Tappa a O Pino (valga)

La grazia più grande?….lasciarsi voler bene li dove siamo più insopportabili e ripartire sempre.

Partiamo con più calma, ma tra le nuvole e l’alba galiziana è buio. Usiamo le torce in un punto solo perché entriamo nel bosco.

Non è una tappa particolare,semplicemente un passaggio da un punto all’altro. Siamo stanchi, tutti. Stanchi di camminare, anche se i 15 km li finiamo in leggerezza, stanchi delle sveglie presto e di alloggi pieni di regole che si contraddicono tra loro e con le regole di igiene basilare.

Stanchi perché volersi bene, voler bene agli altri è difficile, non ne siamo capaci. Ma nessuno mai ce lo dice che l’amore è difficile, faticoso e che richiede sudore. In verità Gesù ce lo ha detto, anzi ce lo ha fatto vedere. Ma noi non gli crediamo. Ubriachi di questa cultura romantica, che ci racconta che l’amore è quella pappetta da telefilm in cui lui, indovina cosa vuole lei,senza che neanche parli.

Fantascienza!

Che poi non capisco perché non ci facciano mai vedere la cosa all ‘incontrario. Di cui ho estremo terrore perché mio marito ha desideri tecnologici di cose che non capisco e tanto meno so pronunciare. Figurati se indovino!!!!

Per non parlare dei figli, di cui ciclicamente sono convinta di aver sbagliato tutto.

Uno vuole le cose spiegate in maniera diretta ma semplice,stile sergente istruttore, ma poi da solo, ti chiede la dolcezza dei baci perugina.

Una vuole tutti i frondoli,i salti, i fiori, i colori, i ghirigori possibili. Lei vuole tutto! Sempre!

L’altra che se non le fai fare un salto carpiato con piroetta e spaccata, insieme ad un bacio sulla fronteguanciamanogamba pesta i piedi da fare buchi per terra (santa la vicina che mi abita sotto!!).

E poi gli altri due, di cui proprio non mi spiego come possano aver coabitato dentro di me per otto mesi. Uno la cresta, l’altro no. Uno doccia si, l’altro no. Quello che vuole le scarpe nere, l’altro azzurre. Uno sempre pronto a saltarti sul collo e l’altro a riempirti di baci, magari quando cerchi di ricordare il pin del bancomat alla cassa! Uno che vuole fare tutto da solo e l’alto che ti dice sempre che non riesce.

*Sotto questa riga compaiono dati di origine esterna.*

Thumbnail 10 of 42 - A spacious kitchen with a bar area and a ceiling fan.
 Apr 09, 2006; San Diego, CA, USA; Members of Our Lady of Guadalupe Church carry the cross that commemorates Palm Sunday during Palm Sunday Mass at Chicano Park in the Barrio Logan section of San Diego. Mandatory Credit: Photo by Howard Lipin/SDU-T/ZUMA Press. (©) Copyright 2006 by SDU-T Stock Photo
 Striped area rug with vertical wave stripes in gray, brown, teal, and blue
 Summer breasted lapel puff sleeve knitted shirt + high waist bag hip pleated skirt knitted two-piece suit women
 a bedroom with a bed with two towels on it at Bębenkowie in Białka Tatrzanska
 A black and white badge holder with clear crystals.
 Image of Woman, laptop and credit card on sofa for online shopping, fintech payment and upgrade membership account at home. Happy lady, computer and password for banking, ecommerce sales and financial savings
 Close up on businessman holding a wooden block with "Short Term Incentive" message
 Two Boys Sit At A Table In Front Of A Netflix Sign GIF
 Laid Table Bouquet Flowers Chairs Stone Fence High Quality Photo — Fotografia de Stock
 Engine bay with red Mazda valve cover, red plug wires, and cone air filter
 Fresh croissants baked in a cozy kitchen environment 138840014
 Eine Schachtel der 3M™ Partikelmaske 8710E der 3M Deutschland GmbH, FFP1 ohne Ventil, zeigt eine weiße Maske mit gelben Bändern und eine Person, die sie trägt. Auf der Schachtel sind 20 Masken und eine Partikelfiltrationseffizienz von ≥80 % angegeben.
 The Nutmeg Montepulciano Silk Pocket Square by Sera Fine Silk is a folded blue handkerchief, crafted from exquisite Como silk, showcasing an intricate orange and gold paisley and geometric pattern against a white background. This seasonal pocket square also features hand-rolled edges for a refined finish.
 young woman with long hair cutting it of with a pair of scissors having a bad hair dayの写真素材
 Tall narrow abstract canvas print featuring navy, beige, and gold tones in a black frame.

L’amore è saper stare dentro questa cosa qui. In tutto questo casotto che sono i nostri cuori, le nostre menti. Saper tenere insieme otto teste diverse, che spesso parlano tutte insieme e tutte hanno desideri e necessità legittime.

L’amore puzza di magliette sporche da lavare, del tuo piede sulla mia faccia mentre dormiamo, delle tue puzzette mai gradite nei momenti meno simpatici, delle tue richieste insistenti, dei cambi d’umore, delle tue scarpe lasciate in giro, delle cose chieste centoventi mila volte seguendo millesettecento teorie pedagogiche diverse senza ottenere che vengano fatte.

L’amore ferisce quando ti inchioda li dove non vuoi stare, sotto il sole a camminare, a cercare un posto dove mangiare, in mezzo a voi che urlate litigando per stare seduti su una panca o a chi sputa più lontano, ad ascoltare i vostri viaggi fantasiosi sui sassi raccolti; che prima sono sassi, poi caramelle, poi pappa,poi cacca, poi una bomba ” dai lancia e scappiamo!” 

Io non lo so come si fa, non so come ci riesco e se ci riesco. So che quando mi arrendo a volerci riuscire e stremata mi abbandono alla realtà, allora dopo aver detto ” Signore fai tu…” mi sovviene in mente, sempre, la preghiera alla Spirito Santo. Non la dico neanche tutta, semplicemente mi sussurro “…dammi un raggio della tua luce…”.

Io lo so che quel raggio può fare tutte quelle cose super che dice la preghiera. È già successo tante volte. Eppure ogni giorno, ogni momento bisogna ripartire.

Sempre di più scopro nel cuore, che il problema non sono gli errori o il peccato, ma l’arrendersi e credere che non si possa ripartire. Il perdono in fondo è sempre questo. Alzati, sei salvo, riparti.

Mi chiedo ultimamente se sia la croce a farci stendere le braccia o se siamo noi a stenderle su di lei.

Chi ci aiuta nel quotidiano a rimanere inchiodati con le braccia aperte?

Andiamo a letto stremati. Un sussurro nel cuore ci dice di dormire di più, che il giorno dopo, anche se partiamo tardi, ci sarà tanta ombra.